南北統一という途方もない課題を抱えているといえども、この日本にどこまでも似た韓国こそ、日本が受けねばならない『中国の衝撃』を最も深く共有できる国なのである。日本という国が、空々しくも図々しくも、今となって急にそんな兄弟がいたことを懐かしく思うようになったとしても不思議はない。兄弟が出世してくれ、りゅうとした格好をしているのだからなおさらである。日本のテレビの画面には、韓国の寒村の花嫁の代わりに、韓国のまばゆいばかりの美男が次々とめまぐるしく登場するようになった。日本は片思いする女のように、派手に、甘ったるく、押しつけがましく、韓国に身を擦り寄せるようになった。大国、中国・アメリカと今後どうつきあうかは相手の出方やその時の世界情勢によるであろう。だが、歴史の荒波をくぐり抜けるのに、これだけ近い韓国とは肩を寄り添わせていかねばならぬという気持ちは日本の方にはある。
 なんともげんきんな日本だと韓国は言うかもしれない。(同上p341)

わたしたちはある高揚感に頬を染めながら息せき切ってアジア人になり、ヨンさまのもとに駆け寄る。客観的に見ればそれは「もう遅すぎる」ところの五十女の勘違いと言われてしまう可能性が高い。だが、相手には理解できないだろう問題設定を身勝手にも相手も理解しうることが当然と勘違いしうる恋と呼ばれる特権が、他人との境界を越えうることもまた事実だ。
「ここ数年「不定愁訴」に悩まされ続けている私は、ともすればかんたんに世の中に絶望した(同上)」。簡単な絶望、あるいはそこからくる他者への裁断が全く不毛な物であることは言うまでもない。

 日本から抱えてきた問いは、宙ぶらりのままである。
 夜は更け、三人の若い女演奏家はすでに楽器をしまってどこかへ消えてしまった。
 三十年前の私は、自分が若いことを知らなかったが、今、若い人に、あなたは自分が若いのを知らないと、そんなことを教えても無駄である。三十年前の私は自分が東洋人であるとも知らずにパリを歩いていたが、今、それは、歴史が否応なしに日本人に教えてくれるようになった。残るは、その歴史が教えてくれたことを、いかにこの身に引き受けるかであり、それは、いかにこの先歴史にかかわっていくかということである。(p347)

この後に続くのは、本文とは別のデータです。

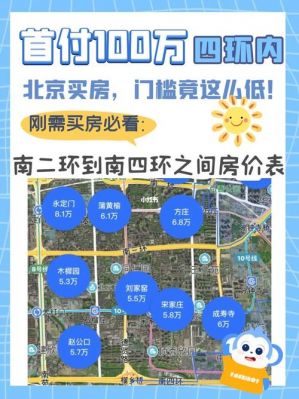 北京南三环为什么便宜（北京南三环的房子为什么便宜）-图1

この水村の14頁の文章は繊細なガラス細工のように巧妙に作成されている。若いがゆえの無知(自分が若いことをしらない)と「自分が東洋人である」ことを知らない(歴史的に形成された)無知。認識の裏側にあるエロス性を丁寧に滲ませることで、二つの無知をみごとにシンクロさせていく。(まあ考えてみれば最初から事実なんだからと言ってしまえば身も蓋もないのだが)そのような狡知をたどり読者はやっと「自分が東洋人である」ことを否応なしに納得する。